Wedding Song - God Knew That I Needed You

Sunday, December 1, 2019

OUR FIRST CHRISTMAS TOGETHER

1974.

Our first Christmas together – the tree put up the day following Thanksgiving.

Denim was my fabric of choice … for e.v.e.r.y.t.h.i.n.g. Blue was my color of choice – eye shadow, mascara, fingernail polish, clothing, shoes: even my Christmas theme.

I was around 87 days pregnant – HUGELY pregnant: I blew up all at once; Avalon said he heard 2 heartbeats. Bob was excited. I was scared – I didn’t have a good mother example to pull on; I worried about impending motherhood. Bob & Doug were doing everything they could to cheer me up.

That Christmas was a very tight one and I had frugally bought tree decorations, and gifts for Bob's son.

Bob and Doug were sitting around drinking beers, listening to me chatter about my ‘dream Christmas tree’, when they suddenly grinned at each other and took me shopping on the cheap for a Blue Spruce Christmas tree: while Doug threw a shovel in the back bed of Bob’s old red/white Ford, Bob bundled me up and placed my plump little body on the bench seat between him and Doug.

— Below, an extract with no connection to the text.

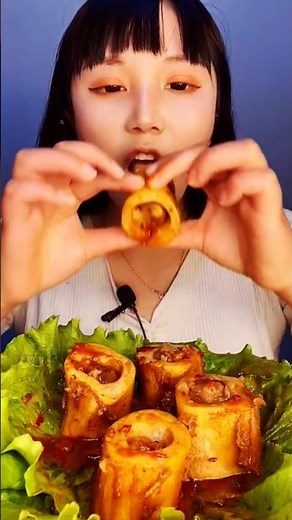 Steamed pork bone marrow with a unique spicy and delicious flavor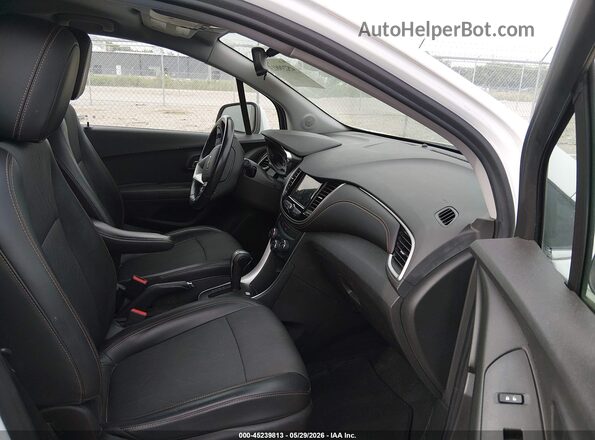 3GNCJLSB8KL255745 2019 CHEVROLET TRAX White Սալոնի դիմացի տեսք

Off we went – those 2 treated me like precious cargo every time we hit a rough patch of road and the truck lurched, there were 2 big hands immediately on my bulging stomach; Bob’s right hand, and Doug’s left hand – driving all over the back roads until Bob spotted a Blue Spruce  up Abe Creek (it was accessible then), “just the right size for his little wife”: the tip of its top barely reached his collar bone  ;-) Bob & Doug jumped out of the truck and got busy getting that tree out of the forest and into the truck bed. By 9 p.m., the tree was home, standing up in its stand, and decorated: I went heavy with the silver tinsel on the tree branches … one strand at a time until the tree was covered like a flapper’s fringed dress (this took the longest in tree decorating time) and the guys teased me unmercifully about my 1-strand pickiness; then, the tree was decked out in hefty blue lights (the old fashioned ones – that was what I wanted), fragile blue glass balls (2 were casualties): it even had one of those cheesy towering blue spires on top; but it tickled my teenage soul to place that thing on top of the tree. LOL.

 
 

It was a very blue Christmas, in a very good way :-D

Over the following years, the paychecks stretched further as life balanced out and we bought our trees; Doug flowed in and out of our lives for decades, our tree of choice became Noble Firs, and were decorated more elaborately – with varied colorful hanging ornaments & updated twinkle lights, shooter lights, and multi-colored lights.

And we all laughed about that first Christmas tree; for years.

Good times … good memories.

Doug Moss, my junior-high/high school on-again-off-again boyfriend remained a lifelong friend of ours; oftentimes rushing me to the hospital ER with Stacey (she had a flawed immune system and every time she got her booster shots, she ended up in the hospital) when Bob was working and I needed a ride into Longview. It was Bob, after work one night that brought the news home to me of Doug's death about 22 years ago (our granddaughter, living with us at the time was 18 months old; she’s 24 now) - he didn't want me to hear about it from anyone else.

That was the kind of man Bob was.


Bob & I celebrated 43 Christmas’ together, before they came to an end last December; but my favorite was always our first one ... because we were young, in love, just starting our life together; and beginning a family.